Ukraine bonds fell to a record low last week, as the IMF found a $15 billion shortfall in the country’s budget, according to Bloomberg. The Financial Times also reported that Ukraine may need to “double its $17 billion emergency loan ‘within weeks’ to avoid bankruptcy.” So what should multinational companies do?
“MNCs should have a downside 2015 Ukraine plan in place that accounts for the spillover effect of a potential default, especially on the exchange rate,” says FSG’s Head of Research for Europe, the Middle East, and Africa, Martina Bozadzhieva.
Meanwhile in Latin America, Venezuela’s economy is at a cross roads, grappling with falling oil prices, inflation, shortages, and corruption, according to the Financial Times.

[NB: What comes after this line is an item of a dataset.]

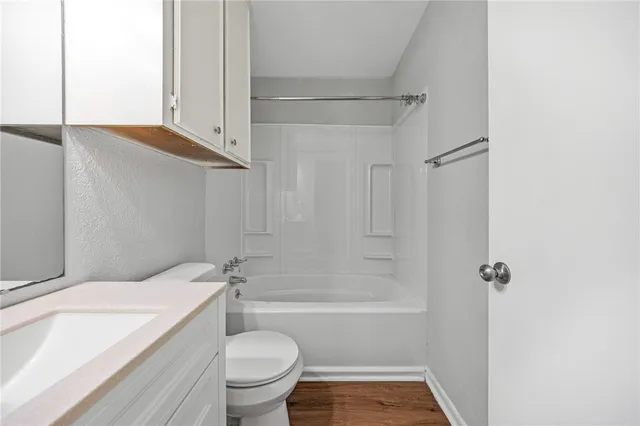 a bathroom with a granite countertop toilet sink and shower
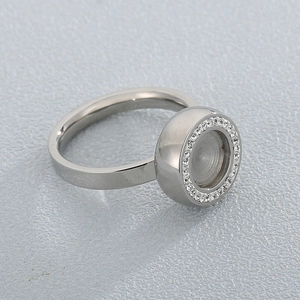 Macro view of silver stainless steel DIY ring setting with shimmering zircon pave stones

“Venezuela’s economy is at the verge of falling into a hyper-inflationary spiral. The government cannot be trusted to successfully implement an economic adjustment even if it was willing to do so. Multinationals should brace themselves for a severe deterioration in operating conditions over the coming months,” says FSG’s Senior Analyst for Latin America Research, Antonio Martinez.
Globally, emerging markets are being hit hard as the strength of the U.S. dollar continues to rise. JP Morgan’s index of global emerging markets currencies reached an all-time low last Monday, dropping to 79.36 for the first time since 2000, according to Business Insider. However, the article continues, “having a weaker currency is not always bad news for emerging markets…it also means more attractive exports for many developing countries.” FSG agrees.
“FSG predicts the stable macro environment of low interest rates, declining commodity prices, and a strong US dollar to persist in 2015,” says Associate Practice Leader for FSG’s Global Analytics, Sam Osborn.